Construction projects continue to get South Africa’s infrastructure ready in time for the country to undertake its role as host for the 2010 World Cup. In June 2008 FIFA, the organising body for the tournament stated that the construction of the five new stadiums that South Africa has planned for the World Cup are on track and will meet FIFA’s pre-set deadlines. Major construction projects are now underway in the country. The World Cup build scheme includes 5 new build stadiums the Moses Mabhida Stadium, Green Point Stadium, the Mbombela Stadium, the Nelson Mandela Stadium and the Peter Mabhida Stadium.
On top of new builds five of South Africa’s stadiums are undergoing renovations and upgrades for the World Cup. The hosting of the World Cup has proved to be a windfall for construction companies operating in South Africa. The country’s National Treasury has set aside ZAR8.4bn (US$828mn) in total for the upgrade and building of stadiums for the event. As well as this construction companies have been drafted in for repairs and new build projects within the country’s transport infrastructure, to ensure everything runs smoothly for the tournament.
BMI has been tracking the World Cup transport infrastructure related projects and notes major developments over the last quarter in projects within South Africa’s airport sector. In June 2008 the Airports Company of South Africa (ACSA) announced that the country’s three main airports would be ready in time for the World Cup kick off. The event is expected to bring heightened tourist levels to the country with as many as 350,000 people expected to attend the World Cup. To cater for this number projects are currently underway to prepare and upgrade the South African airports for Johannesburg, Cape Town and Durban International. The ACSA has pledged a ZAR5.2bn (US$705.63mn) infrastructure expansion programme for these three airports plus seven other smaller airports ahead of 2010.
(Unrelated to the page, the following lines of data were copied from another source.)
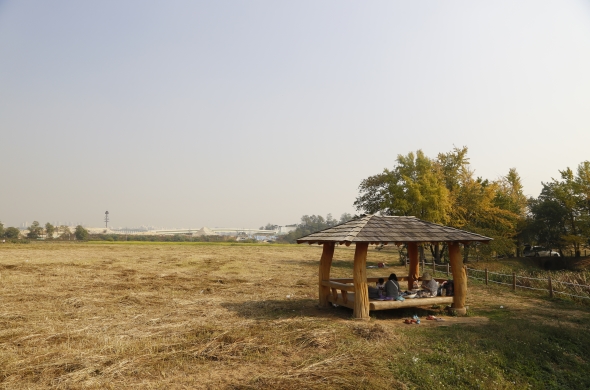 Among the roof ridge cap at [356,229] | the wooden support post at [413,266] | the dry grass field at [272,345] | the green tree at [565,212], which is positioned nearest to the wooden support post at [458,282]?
the dry grass field at [272,345]

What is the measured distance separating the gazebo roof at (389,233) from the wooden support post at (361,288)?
0.46 metres

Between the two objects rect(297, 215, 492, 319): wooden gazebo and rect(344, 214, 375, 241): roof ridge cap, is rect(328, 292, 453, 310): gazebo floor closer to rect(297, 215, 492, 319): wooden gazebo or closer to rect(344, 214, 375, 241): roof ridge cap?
rect(297, 215, 492, 319): wooden gazebo

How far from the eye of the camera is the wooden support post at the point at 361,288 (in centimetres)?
1184

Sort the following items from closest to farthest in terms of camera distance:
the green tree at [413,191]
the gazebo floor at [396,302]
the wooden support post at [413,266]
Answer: the gazebo floor at [396,302], the wooden support post at [413,266], the green tree at [413,191]

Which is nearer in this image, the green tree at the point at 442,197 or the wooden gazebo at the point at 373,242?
the wooden gazebo at the point at 373,242

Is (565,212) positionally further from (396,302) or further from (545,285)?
(396,302)

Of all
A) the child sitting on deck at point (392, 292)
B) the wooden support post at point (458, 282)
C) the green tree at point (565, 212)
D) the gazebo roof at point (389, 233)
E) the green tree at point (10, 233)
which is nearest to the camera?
the gazebo roof at point (389, 233)

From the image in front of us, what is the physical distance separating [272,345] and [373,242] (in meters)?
4.28

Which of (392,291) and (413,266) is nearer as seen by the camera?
(392,291)

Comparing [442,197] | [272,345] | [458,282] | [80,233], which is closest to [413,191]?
[442,197]

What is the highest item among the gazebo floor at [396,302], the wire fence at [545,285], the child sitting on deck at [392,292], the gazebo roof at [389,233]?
the gazebo roof at [389,233]

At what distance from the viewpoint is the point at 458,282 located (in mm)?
13180

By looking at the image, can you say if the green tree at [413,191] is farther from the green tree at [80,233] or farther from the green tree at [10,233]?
the green tree at [10,233]

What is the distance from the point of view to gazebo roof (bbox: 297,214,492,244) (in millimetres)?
11781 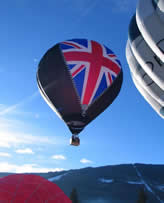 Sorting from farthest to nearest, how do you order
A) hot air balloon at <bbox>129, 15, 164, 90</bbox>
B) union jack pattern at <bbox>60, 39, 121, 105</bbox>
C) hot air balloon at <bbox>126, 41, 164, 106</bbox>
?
1. hot air balloon at <bbox>126, 41, 164, 106</bbox>
2. union jack pattern at <bbox>60, 39, 121, 105</bbox>
3. hot air balloon at <bbox>129, 15, 164, 90</bbox>

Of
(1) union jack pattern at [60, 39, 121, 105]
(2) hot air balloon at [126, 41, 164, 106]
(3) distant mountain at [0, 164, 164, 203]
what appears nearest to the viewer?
(1) union jack pattern at [60, 39, 121, 105]

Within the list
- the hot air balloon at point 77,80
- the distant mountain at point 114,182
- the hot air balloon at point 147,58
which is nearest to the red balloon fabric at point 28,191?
the hot air balloon at point 77,80

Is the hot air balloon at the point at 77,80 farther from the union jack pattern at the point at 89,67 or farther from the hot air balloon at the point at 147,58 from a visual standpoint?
the hot air balloon at the point at 147,58

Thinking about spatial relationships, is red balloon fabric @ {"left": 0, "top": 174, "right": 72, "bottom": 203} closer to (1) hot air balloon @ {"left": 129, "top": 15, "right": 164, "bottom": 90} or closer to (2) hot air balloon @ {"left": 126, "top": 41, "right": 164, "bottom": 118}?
(1) hot air balloon @ {"left": 129, "top": 15, "right": 164, "bottom": 90}

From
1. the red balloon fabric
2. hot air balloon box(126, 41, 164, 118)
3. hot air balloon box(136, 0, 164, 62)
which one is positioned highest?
hot air balloon box(136, 0, 164, 62)

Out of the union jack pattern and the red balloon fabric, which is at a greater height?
the union jack pattern

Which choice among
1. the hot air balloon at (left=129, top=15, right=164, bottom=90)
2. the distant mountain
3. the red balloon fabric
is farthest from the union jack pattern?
the distant mountain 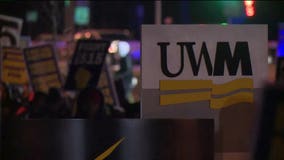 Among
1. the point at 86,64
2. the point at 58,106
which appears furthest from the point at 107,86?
the point at 58,106

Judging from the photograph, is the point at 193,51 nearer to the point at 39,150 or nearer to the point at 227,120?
the point at 227,120

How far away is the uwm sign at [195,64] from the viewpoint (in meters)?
4.07

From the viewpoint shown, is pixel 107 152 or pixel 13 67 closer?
pixel 107 152

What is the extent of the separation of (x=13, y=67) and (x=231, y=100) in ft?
25.4

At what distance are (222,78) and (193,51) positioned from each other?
23cm

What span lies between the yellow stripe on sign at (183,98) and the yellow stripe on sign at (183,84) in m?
0.04

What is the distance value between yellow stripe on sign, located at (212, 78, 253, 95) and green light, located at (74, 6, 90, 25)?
730 inches

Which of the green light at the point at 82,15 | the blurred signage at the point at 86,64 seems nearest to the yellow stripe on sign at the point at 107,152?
the blurred signage at the point at 86,64

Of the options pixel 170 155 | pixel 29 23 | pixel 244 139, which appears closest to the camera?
pixel 170 155

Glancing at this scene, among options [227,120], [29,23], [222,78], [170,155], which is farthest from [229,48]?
[29,23]

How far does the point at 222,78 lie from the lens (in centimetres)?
408

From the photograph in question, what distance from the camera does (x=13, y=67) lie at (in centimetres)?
1134

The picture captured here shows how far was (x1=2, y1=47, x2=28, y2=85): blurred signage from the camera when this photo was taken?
36.8 feet

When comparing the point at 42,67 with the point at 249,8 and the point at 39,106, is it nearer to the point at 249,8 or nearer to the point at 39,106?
the point at 39,106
BMI believes that having met its current deadlines South Africa is well on the way to being ready for 2010. We continue to fear however that South Africa’s ongoing power problems may hamper the preparations for the event and maybe even the event itself. South Africa’s power crisis erupted at the beginning of 2008 and a scheme of load-shedding has been implemented ever since to manage the deficit.
New developments in the last quarter display some new initiatives that are being instigated to increase the country’s power supply. In July 2008 Eskom, the South African power utility announced plans to demothball the Ingagane power plant. The plant was decommissioned in 1999 due to an excess of power capacity in South Africa. The plant has a potential of 600 megawatt (MW) and Eskom is interested to have it refurbished and operated by the private sector. BMI notes that during the 19910s Eskom mothballed a total of 11 power stations; three of these facilities are now being brought back into service.
The restart of the Ingagane power plant may serve as a precedent for bodies other than Eskom to use methods to solve South Africa’s power problems. This is certainly the case for Lafarge. In July 2008 the French construction material producer announced it planned to finance the proposed ZAR40mn (US$5.2mn) Middelvlei facility. The plant will provide electricity for the company’s new cement grinding plant in Randfontein.